#### [WORK ORDER]
Go to the line with "Braziliya İsveçrəyə qalib gəldi" in the entries below and write out every line from there through the line with "AMSTELVEEN - Yibbi", exactly and without pictures.

#### [AVAILABLE DATA]
::::::
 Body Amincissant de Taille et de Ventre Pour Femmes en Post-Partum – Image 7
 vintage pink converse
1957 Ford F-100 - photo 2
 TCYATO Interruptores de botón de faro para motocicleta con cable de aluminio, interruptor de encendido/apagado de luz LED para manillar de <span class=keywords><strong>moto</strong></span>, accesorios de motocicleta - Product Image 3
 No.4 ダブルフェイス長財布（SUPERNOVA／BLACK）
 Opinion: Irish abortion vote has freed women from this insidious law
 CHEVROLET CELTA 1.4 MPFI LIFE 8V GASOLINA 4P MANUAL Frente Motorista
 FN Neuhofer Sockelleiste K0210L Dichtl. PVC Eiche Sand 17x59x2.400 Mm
::::::
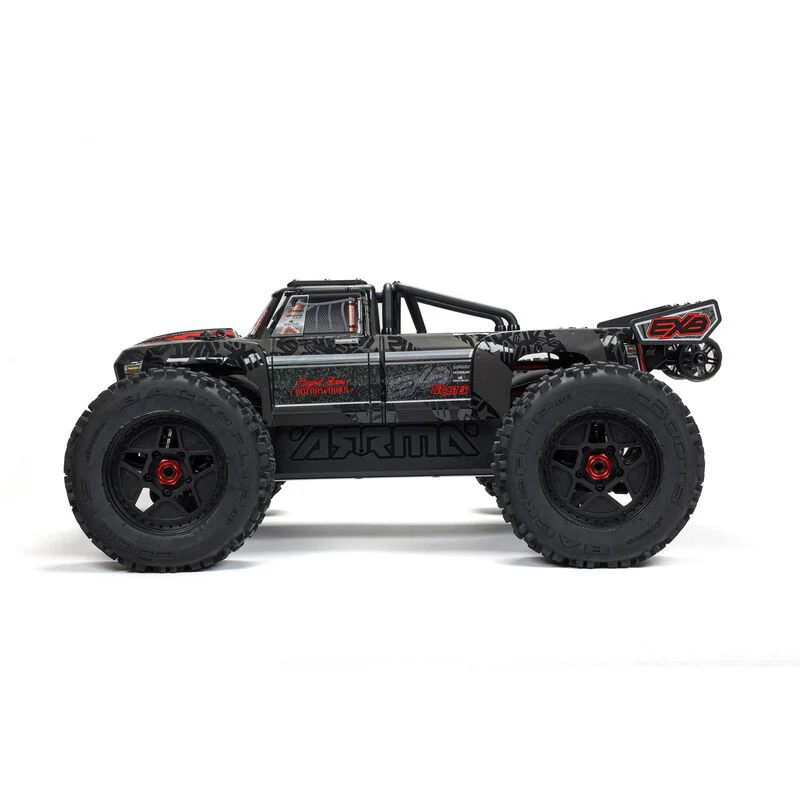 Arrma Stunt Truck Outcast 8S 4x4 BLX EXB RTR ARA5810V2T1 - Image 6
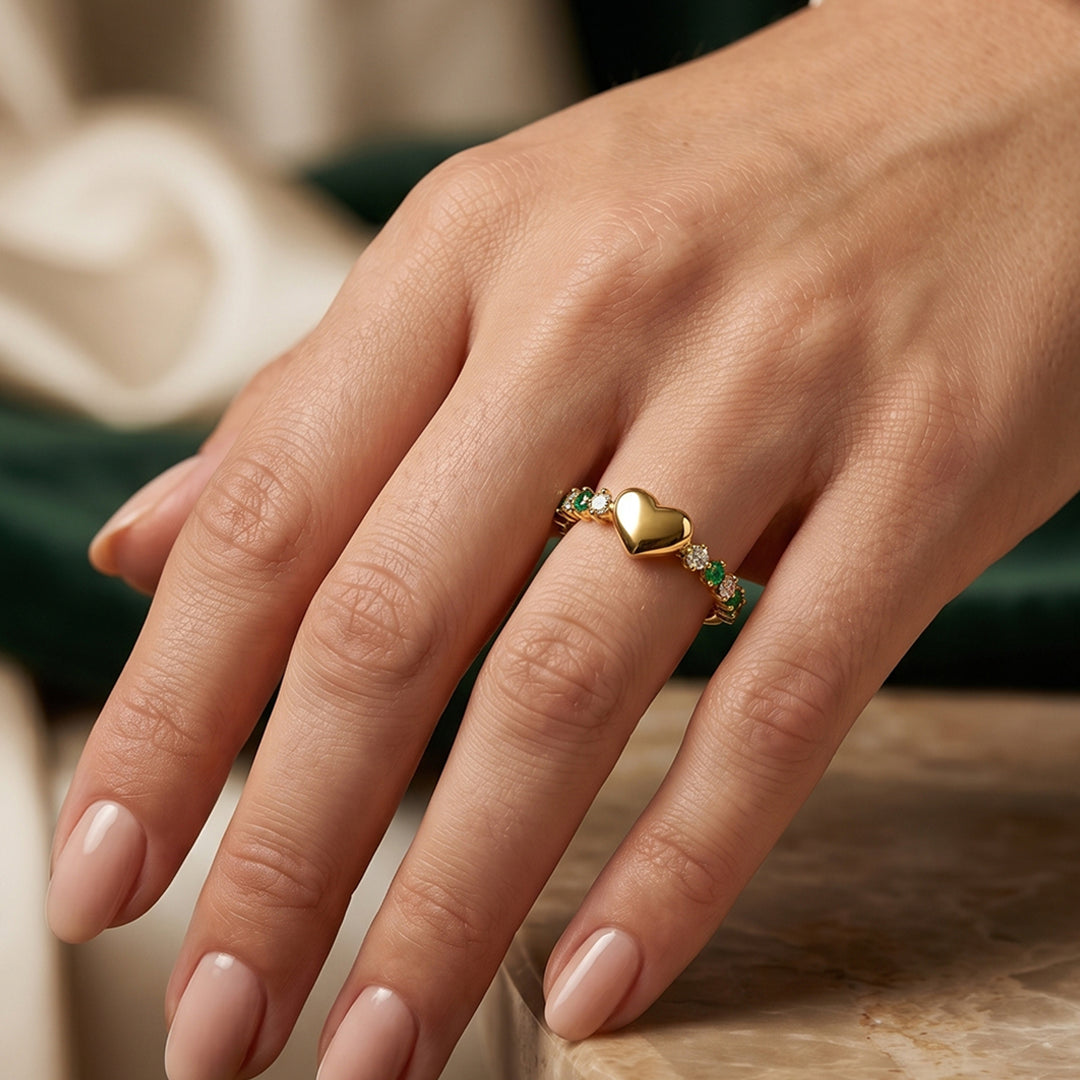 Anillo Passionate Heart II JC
::::::
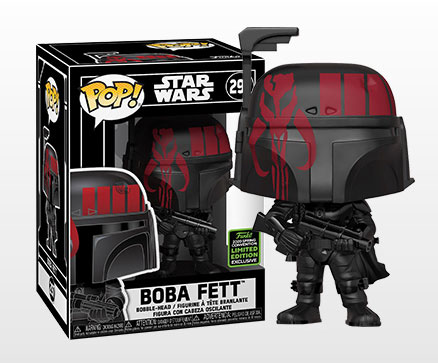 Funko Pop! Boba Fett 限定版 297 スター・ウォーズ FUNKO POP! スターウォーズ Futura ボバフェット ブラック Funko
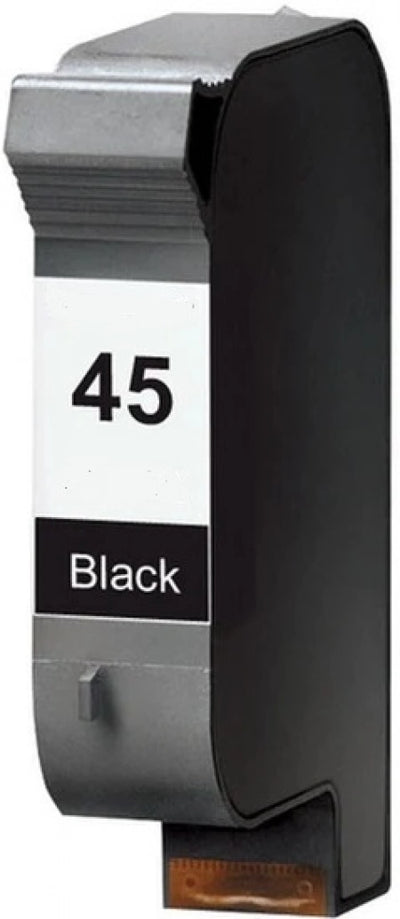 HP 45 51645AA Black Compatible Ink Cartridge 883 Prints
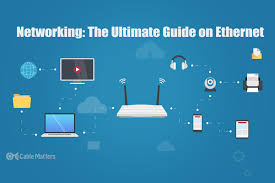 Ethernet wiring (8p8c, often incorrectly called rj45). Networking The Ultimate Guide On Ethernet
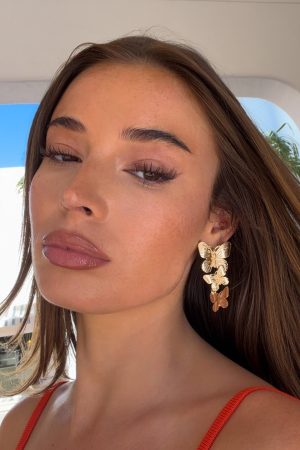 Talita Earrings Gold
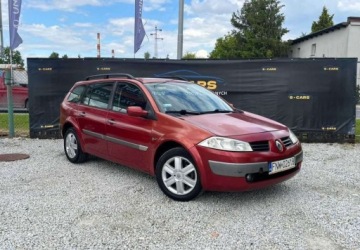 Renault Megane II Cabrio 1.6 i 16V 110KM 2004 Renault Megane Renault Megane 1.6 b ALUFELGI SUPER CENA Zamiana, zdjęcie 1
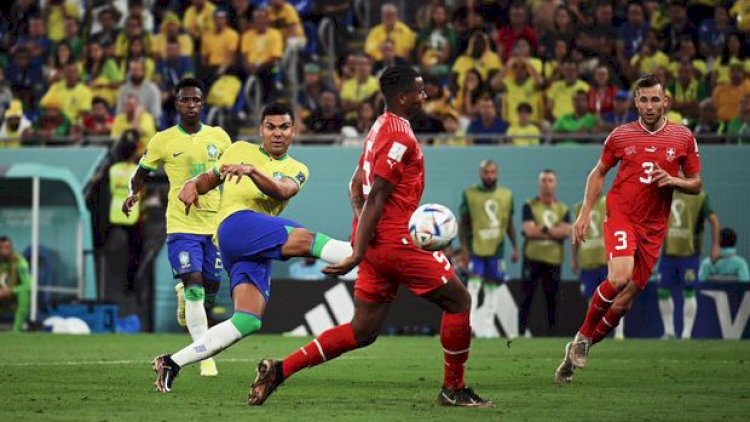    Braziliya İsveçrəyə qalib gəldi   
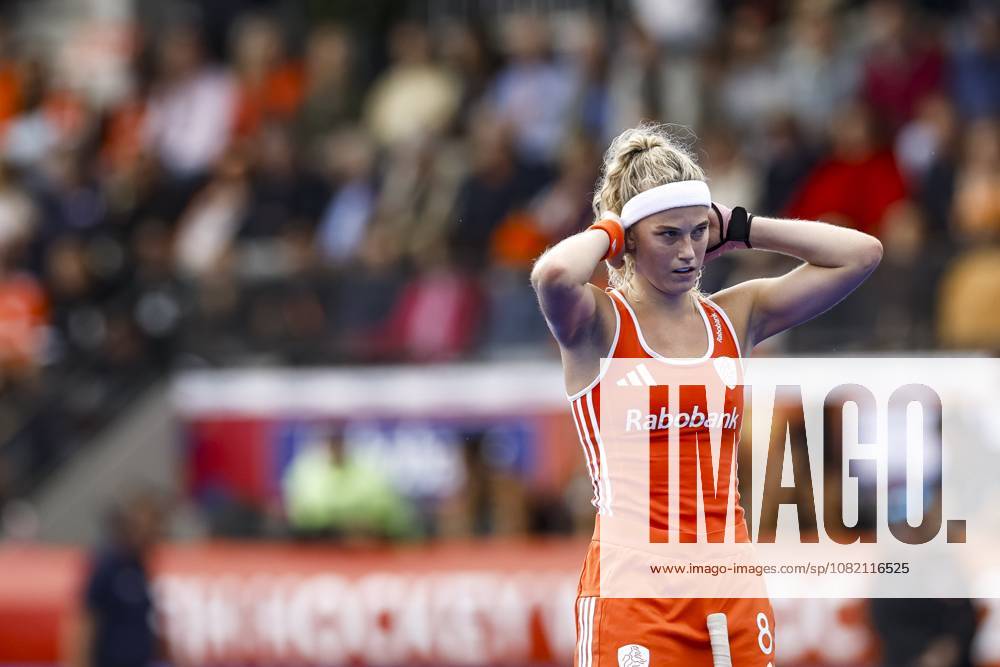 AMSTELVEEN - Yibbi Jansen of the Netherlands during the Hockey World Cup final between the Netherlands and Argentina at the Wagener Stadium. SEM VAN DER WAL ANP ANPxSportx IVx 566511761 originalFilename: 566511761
::::::
#### [ANSWER]
    Braziliya İsveçrəyə qalib gəldi   
 AMSTELVEEN - Yibbi Jansen of the Netherlands during the Hockey World Cup final between the Netherlands and Argentina at the Wagener Stadium. SEM VAN DER WAL ANP ANPxSportx IVx 566511761 originalFilename: 566511761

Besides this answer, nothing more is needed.